Out of respect to those people, an Irish majority threw open the institution of marriage to a minority. A lightbulb went on: extending a fundamental right to a minority does not dilute it.

So when – and why – will Ireland decide to extend another fundamental right to all: the right to a secure home?

If you own your home, this fundamental right is a given. Unless you fall into mortgage arrears, you don’t have to worry about whether Christmas will be spent with your children in a bed-and-breakfast.

If you own your home, it is your castle; if you don’t, Ireland has decided a home is a house, an arbitrary pile of bricks whose occupants’ futures depend on the whims of their landlord.

More rights

Few would argue that, in European terms, tenant rights in Ireland are what they could be. But not many of the majority are out there campaigning for the tenant minority – one fifth of the population and growing – to be given greater rights.

So far, Irish home-owners are too busy owning their homes to worry about that. Yet those same people, though not homosexual, voted for marriage equality anyway. If that was possible, why not join a campaign for greater tenants’ rights? One in 10 people are gay, they say; one in five rent.

Perhaps your excuse for not backing tenants’ rights is that you’re a negative-equity accidental landlord who, unconsciously, feels resentful towards giving more rights to the people living in your home?

Or perhaps you aren’t a landlord at all: just one of the millions of Irish people who own their own home and who, deep down, perhaps believes that anyone who doesn’t own a home deserves what’s coming to them. What is your excuse for not backing some or all of the following tenant rights?

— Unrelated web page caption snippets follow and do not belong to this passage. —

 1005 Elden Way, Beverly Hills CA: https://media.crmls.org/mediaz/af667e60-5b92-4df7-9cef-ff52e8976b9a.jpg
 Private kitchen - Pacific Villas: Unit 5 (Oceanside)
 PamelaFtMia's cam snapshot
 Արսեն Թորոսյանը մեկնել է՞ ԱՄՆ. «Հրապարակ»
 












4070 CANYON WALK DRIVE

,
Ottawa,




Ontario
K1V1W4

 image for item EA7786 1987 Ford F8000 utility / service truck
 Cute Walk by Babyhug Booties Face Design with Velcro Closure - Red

Would you back proper certification of properties, requiring landlords to apply for an NCT-style certificate before renting their property?

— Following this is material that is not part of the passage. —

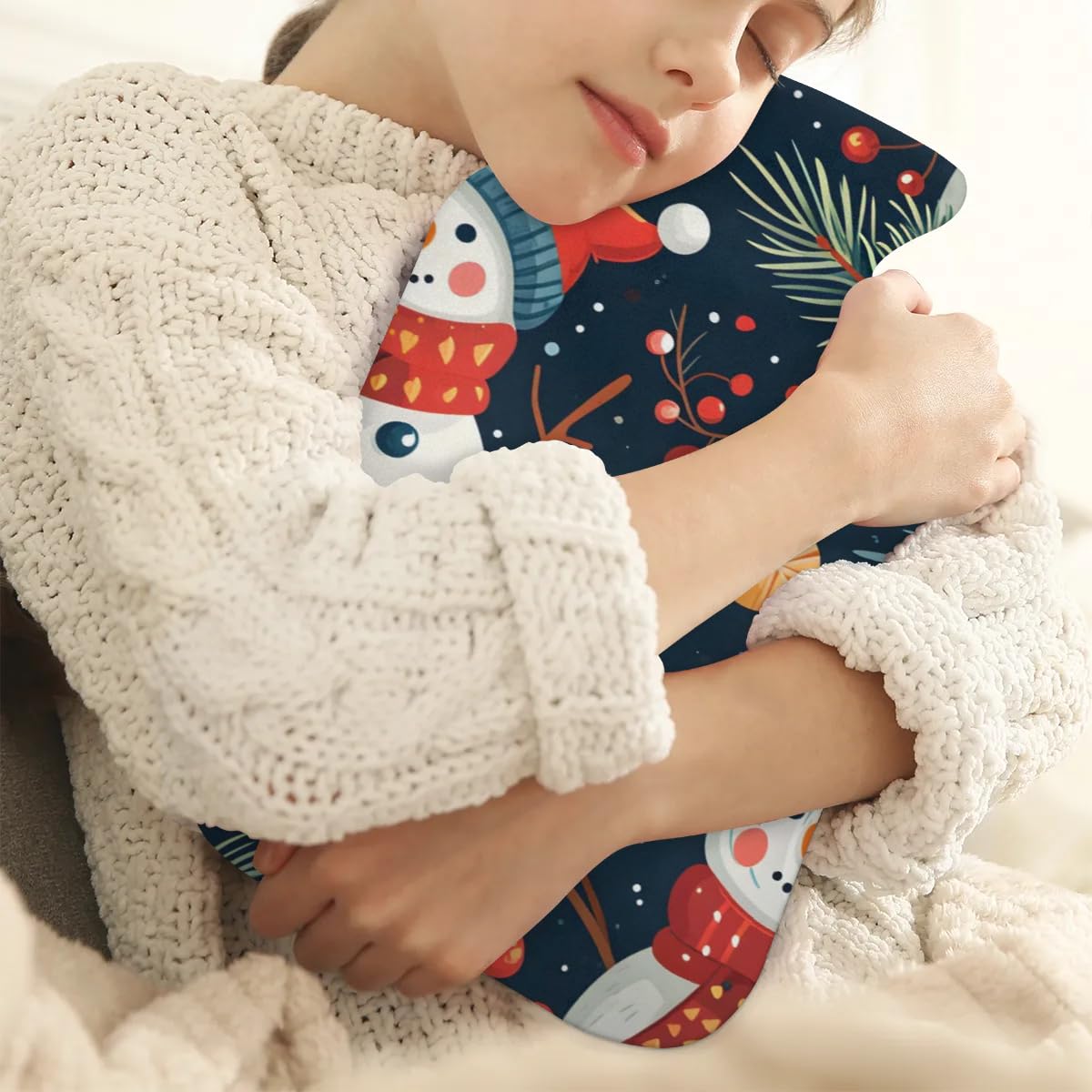 Hot Water Bottle with Soft Cover,2L Christmas Snowman Hot Water Bag for Hot and Cold Compress, Hand Feet Warmer, Colorful Snowman Rubber Hot or Cold Water Bottle Halloween Christmas Decorations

How about graduated rent models to set out small, regular rent rises over the coming years to which both sides sign up to in the lease?

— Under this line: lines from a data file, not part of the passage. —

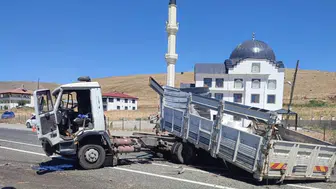 Elazığ’da kamyonlar çarpıştı : Dorse yerinden çıktı, 1 kişi yaralandı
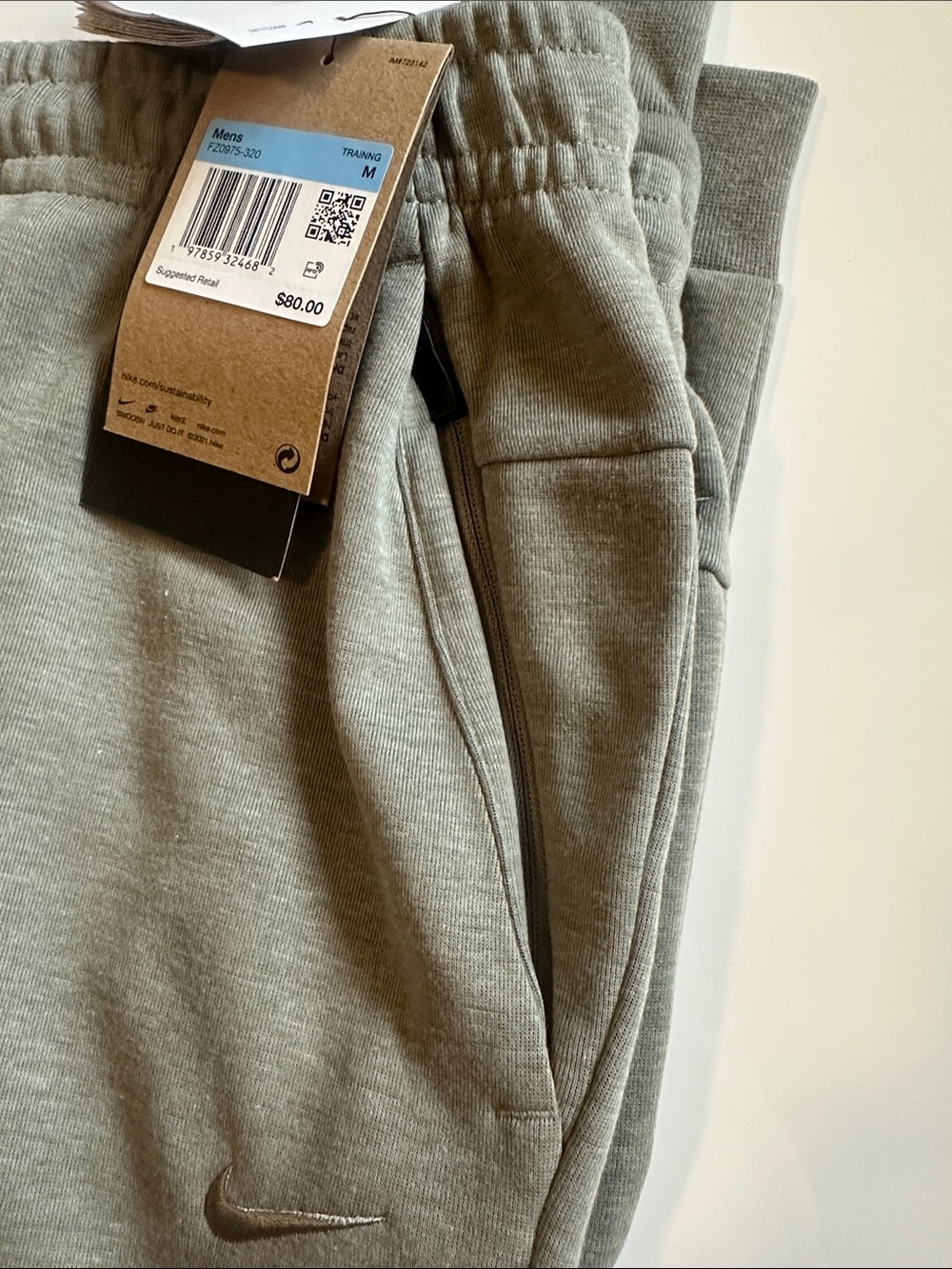 NWT Nike Men's Olive Gray Jogger Sweatpants with Drawstring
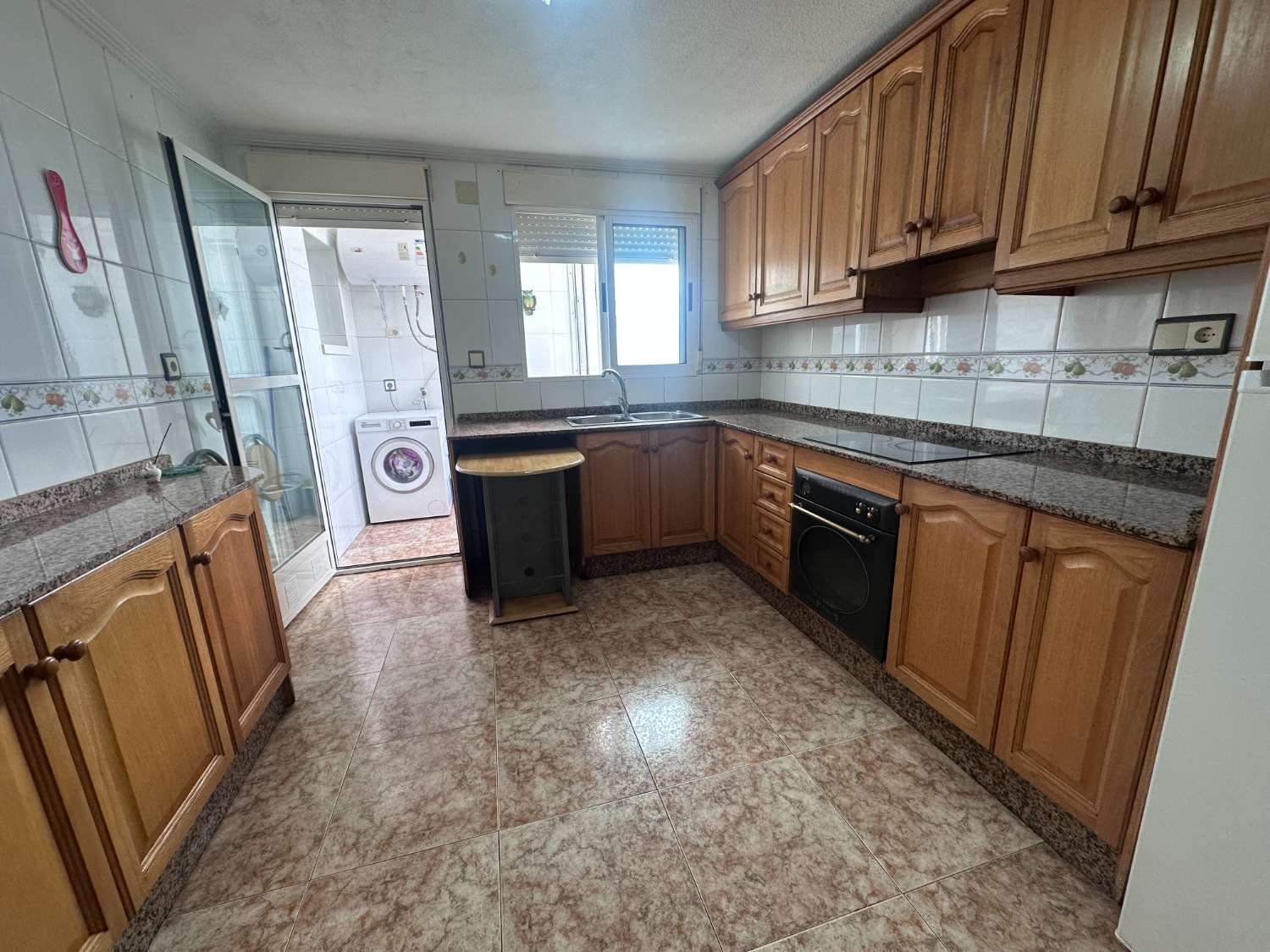 Spacious 4-Bedroom Apartment in the Heart of Catral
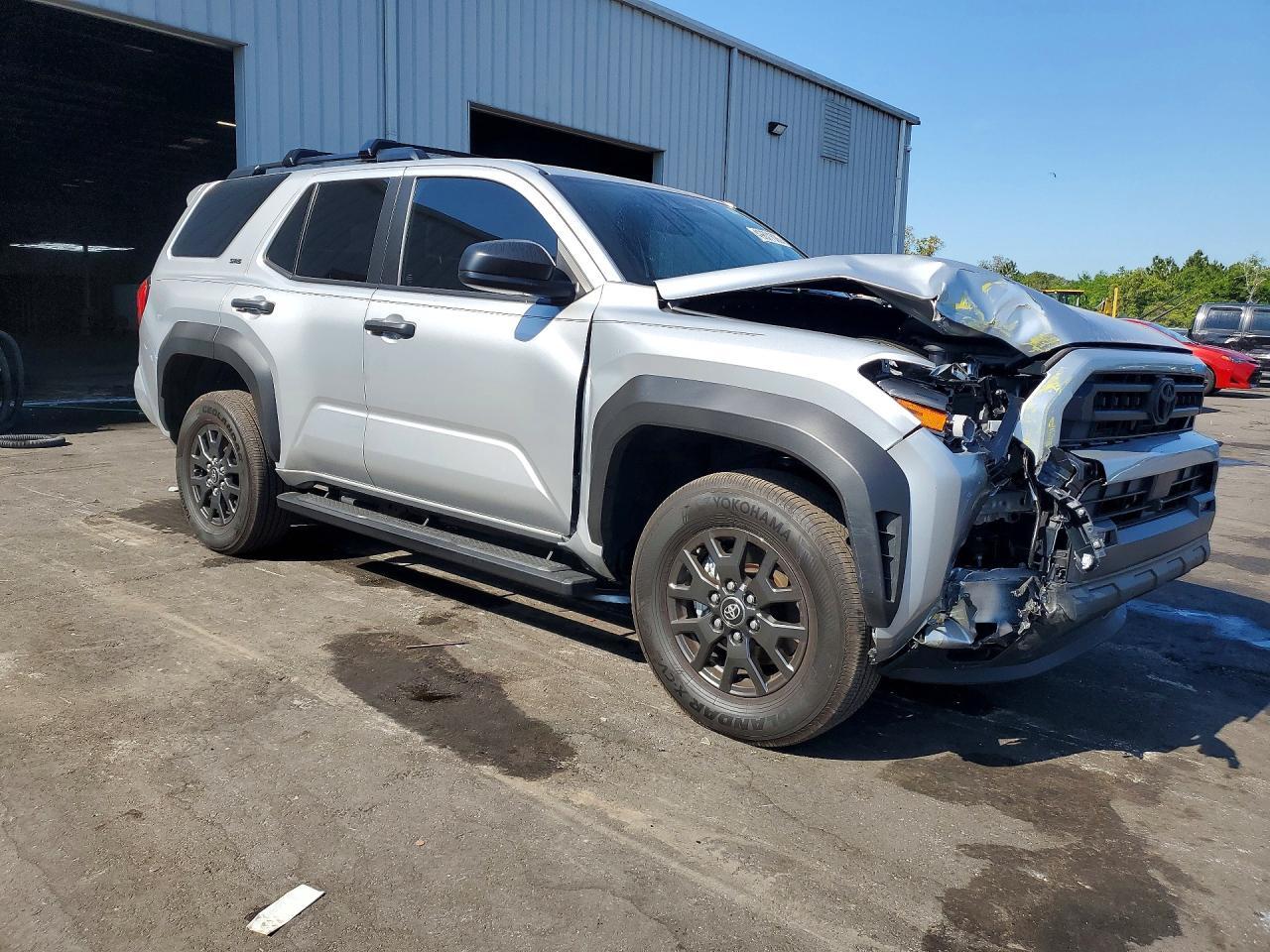 2025 Toyota 4Runner Sr5 - zdjęcie 4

Would you support a defined code of conduct, allowing tenants to withhold part of their rent if, for instance, promised repairs were not carried out?

Regulations

How about regulations obliging all deposits to be held in escrow accounts and away from landlords, though requiring their permission to be repaid to tenants?

Finally, how about a “rental atlas”, similar to the property price register, that forces landlords to declare their rents to the local authority and allows would-be tenants to get an idea of what they should expect to pay.

These are all standard practice in the German rental market. We don’t need to long-finger change with another study of what “Europe” does; we know what they do. We need to want the same. When Threshold, the tenants lobby group, presents its annual report next month it will repeat their message from the past years: that Ireland’s rental sector has outgrown its legislation and is not fit for purpose.

But will the majority in Ireland, like last year, watch the report on the news and go to bed, still convinced that renting is a temporary thing for people below 30?

It’s not: it’s how one in five people in Ireland – by choice or through circumstance – live.

It’s time to wake up and realise that owning a home in Ireland is like heterosexuality: it’s not normal, it’s just common.